Your Golem example goes to what I posted earlier about a general misunderstanding of how the Rotten Tomatoes score works. The fact that the film has a 100% doesn't mean it's "the greatest" or that it's any better than any other film with a 90%, 70%, or even 50% score. It just means that the 32 Top Critics that reviewed it had a favorable reaction to it. But that information is more or less worthless unless you look at the reviews that are linked below. If you read the reviews and decide this is a journey you'd be down for, you might end up with a favorable reaction as well.
Bottom line is that we need to look past the RT score and even the individual ratings, and read what a critic has to say about a film. That's what we can use to decide whether the film is "for us". Scores and ratings are just numbers, useful to quantify and rank and compare, but not much more.

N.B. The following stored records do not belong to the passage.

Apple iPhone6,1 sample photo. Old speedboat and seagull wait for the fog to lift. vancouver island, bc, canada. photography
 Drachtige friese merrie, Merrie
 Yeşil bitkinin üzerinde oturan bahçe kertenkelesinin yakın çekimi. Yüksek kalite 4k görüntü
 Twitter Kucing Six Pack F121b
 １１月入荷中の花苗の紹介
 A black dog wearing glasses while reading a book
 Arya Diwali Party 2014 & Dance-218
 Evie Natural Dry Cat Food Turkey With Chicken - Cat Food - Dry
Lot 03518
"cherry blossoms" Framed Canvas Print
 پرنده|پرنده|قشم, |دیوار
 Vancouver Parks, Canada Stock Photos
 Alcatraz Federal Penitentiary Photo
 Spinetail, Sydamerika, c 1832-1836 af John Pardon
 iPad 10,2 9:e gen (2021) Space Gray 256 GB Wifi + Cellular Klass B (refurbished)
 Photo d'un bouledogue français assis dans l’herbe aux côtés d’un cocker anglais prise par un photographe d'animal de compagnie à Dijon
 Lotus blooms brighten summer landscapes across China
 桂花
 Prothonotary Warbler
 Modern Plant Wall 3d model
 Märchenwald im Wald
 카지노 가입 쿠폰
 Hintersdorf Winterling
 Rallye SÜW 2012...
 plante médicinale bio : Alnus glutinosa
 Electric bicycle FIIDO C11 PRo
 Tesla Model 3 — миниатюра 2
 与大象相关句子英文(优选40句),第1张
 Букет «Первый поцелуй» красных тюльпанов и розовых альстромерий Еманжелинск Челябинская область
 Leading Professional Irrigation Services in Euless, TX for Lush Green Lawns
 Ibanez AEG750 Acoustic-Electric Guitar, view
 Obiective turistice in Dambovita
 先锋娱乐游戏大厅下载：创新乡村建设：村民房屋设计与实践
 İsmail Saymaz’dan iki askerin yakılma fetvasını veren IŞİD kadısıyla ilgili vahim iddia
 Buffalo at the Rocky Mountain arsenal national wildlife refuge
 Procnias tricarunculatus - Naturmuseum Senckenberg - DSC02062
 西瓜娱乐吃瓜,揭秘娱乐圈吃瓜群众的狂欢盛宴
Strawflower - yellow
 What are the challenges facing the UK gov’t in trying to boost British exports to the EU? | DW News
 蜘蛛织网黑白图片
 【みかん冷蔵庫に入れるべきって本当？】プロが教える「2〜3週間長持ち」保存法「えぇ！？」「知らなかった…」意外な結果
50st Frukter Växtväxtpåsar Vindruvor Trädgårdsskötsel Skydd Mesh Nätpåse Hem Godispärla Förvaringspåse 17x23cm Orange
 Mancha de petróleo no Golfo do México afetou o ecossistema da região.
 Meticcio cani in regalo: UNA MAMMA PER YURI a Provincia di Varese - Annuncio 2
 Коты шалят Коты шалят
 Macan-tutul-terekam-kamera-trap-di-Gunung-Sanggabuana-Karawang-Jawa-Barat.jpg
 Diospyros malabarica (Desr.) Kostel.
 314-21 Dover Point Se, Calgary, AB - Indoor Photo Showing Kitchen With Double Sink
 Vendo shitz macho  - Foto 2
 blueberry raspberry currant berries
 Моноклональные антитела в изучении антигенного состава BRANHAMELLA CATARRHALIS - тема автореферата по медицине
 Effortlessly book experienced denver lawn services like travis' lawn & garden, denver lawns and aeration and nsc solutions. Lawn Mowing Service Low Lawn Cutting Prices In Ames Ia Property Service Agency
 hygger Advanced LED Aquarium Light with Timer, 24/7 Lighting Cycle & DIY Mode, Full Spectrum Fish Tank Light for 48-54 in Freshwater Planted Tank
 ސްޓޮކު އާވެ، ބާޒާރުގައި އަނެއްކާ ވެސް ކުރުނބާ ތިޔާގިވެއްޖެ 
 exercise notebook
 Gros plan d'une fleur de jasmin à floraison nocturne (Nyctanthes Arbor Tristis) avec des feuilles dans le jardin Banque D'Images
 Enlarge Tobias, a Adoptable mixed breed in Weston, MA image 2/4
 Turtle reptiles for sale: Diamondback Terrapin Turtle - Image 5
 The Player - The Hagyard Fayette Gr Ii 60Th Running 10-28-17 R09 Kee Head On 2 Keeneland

Given the multitude of ways that anybody can find the Best or Greatest in anything, even the Best pot pie or the best generic cheerios, often people who count stuff go to an operational definition and pick something like that....how many professional critics say "great"? Simply, 27 is better than 2 and they are professionals, so there.
My view says that great movies is such an inherently subjective term as to make ratings very dubious. I, for one, gave Citizen Kane a weak 7 (on a 0 - 10 scale). Forest Gump was nauseating and 12 Angry Men was a waste of my time. But....I, after all, am not a professional critic, just the guy who pays for tickets.
Given that Rotten Tomatoes is a subjective rating with no benchmarks, done by people who choose to rate, it is inherently biased as a measurement instrument. Nevertheless, it's probably more useful that most critics, who also bring their biases and, after all, are just one voice. I'd rather hear from a large number of un-vetted self-appointed critics, telling me that they enjoyed the movie.